The only positive aspect of all this is that, even if we don’t know when exactly, the cruellest part of the conflict will end as long as we follow the rules imposed by the governments and the ones dictated by our common sense and civil responsibility.

“Each of you, today, not the government, not the mayor, each cıtızen has the chance, today, to take actıons that wıll prevent the sıtuatıon of ıtaly from becomıng your own country’s realıty. You have an opportunıty to make a dıfference and stop the spread ın your country. Work at home ıf you can, cancel bırthday partıes and other gatherıngs. Do anythıng you can. Practıce socıal dıstancıng and stay home as much as possıble because ıt saves lıves. AND THIS IS MIND: a LITTLE DISTANCE now WILL save and UNITE us all later!”

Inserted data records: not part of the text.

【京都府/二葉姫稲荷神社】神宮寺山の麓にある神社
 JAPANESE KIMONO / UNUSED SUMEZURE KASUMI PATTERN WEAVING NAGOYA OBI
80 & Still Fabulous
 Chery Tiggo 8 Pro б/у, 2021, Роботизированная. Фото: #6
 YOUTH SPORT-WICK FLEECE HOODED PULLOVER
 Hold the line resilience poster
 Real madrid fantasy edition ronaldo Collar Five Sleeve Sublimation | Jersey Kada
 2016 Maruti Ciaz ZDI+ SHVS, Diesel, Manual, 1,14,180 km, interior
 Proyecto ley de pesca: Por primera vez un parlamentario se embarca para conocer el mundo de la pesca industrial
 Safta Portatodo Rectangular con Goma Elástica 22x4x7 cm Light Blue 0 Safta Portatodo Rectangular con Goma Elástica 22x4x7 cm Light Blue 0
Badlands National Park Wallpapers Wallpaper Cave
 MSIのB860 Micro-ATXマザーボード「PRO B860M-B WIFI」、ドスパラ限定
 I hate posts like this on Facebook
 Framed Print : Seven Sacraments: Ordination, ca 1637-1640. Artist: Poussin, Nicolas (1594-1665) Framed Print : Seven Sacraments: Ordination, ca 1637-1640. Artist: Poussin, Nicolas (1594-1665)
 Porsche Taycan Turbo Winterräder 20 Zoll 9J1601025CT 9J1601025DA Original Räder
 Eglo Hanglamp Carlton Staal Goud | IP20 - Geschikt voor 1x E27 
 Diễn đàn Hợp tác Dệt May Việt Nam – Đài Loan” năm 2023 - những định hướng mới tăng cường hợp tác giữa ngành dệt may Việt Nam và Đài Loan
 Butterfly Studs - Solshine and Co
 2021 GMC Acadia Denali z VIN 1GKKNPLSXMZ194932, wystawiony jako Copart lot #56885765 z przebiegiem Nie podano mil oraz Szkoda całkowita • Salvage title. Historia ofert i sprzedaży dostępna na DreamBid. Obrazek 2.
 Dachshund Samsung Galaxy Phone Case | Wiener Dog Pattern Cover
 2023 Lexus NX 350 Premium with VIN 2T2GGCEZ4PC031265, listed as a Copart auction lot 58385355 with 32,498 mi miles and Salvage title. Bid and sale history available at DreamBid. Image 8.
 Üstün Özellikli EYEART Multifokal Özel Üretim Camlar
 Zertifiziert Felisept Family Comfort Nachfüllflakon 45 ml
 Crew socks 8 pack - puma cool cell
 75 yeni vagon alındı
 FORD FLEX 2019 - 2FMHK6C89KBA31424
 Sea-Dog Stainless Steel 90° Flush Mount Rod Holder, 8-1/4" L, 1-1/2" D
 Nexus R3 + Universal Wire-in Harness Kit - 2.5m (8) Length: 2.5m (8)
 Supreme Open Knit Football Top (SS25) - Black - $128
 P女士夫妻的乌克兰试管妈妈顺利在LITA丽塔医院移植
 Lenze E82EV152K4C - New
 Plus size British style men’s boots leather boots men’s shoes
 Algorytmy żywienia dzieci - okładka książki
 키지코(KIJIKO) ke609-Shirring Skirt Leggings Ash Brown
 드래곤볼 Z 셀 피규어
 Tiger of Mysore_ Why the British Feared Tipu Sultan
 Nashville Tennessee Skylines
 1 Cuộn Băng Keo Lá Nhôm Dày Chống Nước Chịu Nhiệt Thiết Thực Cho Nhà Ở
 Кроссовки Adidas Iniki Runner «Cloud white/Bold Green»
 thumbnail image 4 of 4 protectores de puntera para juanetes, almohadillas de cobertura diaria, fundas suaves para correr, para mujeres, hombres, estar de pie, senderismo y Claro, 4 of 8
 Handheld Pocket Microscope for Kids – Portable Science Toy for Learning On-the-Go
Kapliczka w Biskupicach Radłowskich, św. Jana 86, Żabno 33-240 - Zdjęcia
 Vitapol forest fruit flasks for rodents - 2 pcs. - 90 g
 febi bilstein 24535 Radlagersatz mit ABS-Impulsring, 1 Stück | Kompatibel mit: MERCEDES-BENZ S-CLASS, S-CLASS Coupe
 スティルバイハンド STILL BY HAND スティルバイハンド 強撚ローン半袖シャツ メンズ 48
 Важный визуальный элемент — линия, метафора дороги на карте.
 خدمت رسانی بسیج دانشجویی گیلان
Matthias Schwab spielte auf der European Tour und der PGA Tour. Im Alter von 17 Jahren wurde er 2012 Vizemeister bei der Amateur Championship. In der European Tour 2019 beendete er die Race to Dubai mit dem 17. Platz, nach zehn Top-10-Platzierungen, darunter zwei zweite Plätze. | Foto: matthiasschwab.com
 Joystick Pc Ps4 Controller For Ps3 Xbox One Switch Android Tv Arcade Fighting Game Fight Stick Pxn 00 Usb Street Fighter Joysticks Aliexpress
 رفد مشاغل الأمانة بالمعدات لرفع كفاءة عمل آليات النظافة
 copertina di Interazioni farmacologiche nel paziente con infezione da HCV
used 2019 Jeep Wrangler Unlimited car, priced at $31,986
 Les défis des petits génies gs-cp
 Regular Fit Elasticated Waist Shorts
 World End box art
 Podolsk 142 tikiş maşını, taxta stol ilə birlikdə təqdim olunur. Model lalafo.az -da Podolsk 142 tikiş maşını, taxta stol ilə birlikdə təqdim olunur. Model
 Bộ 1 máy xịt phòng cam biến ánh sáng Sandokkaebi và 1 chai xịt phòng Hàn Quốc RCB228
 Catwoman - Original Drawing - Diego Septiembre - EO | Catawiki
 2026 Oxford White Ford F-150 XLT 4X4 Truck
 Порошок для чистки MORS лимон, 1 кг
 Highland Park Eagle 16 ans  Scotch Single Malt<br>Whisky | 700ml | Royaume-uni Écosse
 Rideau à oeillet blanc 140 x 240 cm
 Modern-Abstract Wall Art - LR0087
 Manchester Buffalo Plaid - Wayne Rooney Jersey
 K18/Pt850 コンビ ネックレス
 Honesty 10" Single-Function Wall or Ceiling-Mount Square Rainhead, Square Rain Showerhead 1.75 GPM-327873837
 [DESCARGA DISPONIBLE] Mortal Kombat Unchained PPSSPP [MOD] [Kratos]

  1. Beautifully written ! Thank you for sharing your thoughts with us and helping us understand the severity of the situation here in Australia. I have many relatives in Sicily and we are so worried for them all. Keep strong and keep doing the right thing and hopefully beautiful Italy will be as it once was.
    Clelia Brababaon Perth Australia

    Liked by 2 people

  2. Thank you for your words of wisdom. Australia is slowly bringing the measures you talk about and things are starting to become scary!
    We hope that the world can come together again soon.

    Liked by 2 people

  3. Thank you for sharing this. We are not yet at the stage you describe and I really hope our Government will learn the lessons form Italy and the other countries who are further along with this epidemic.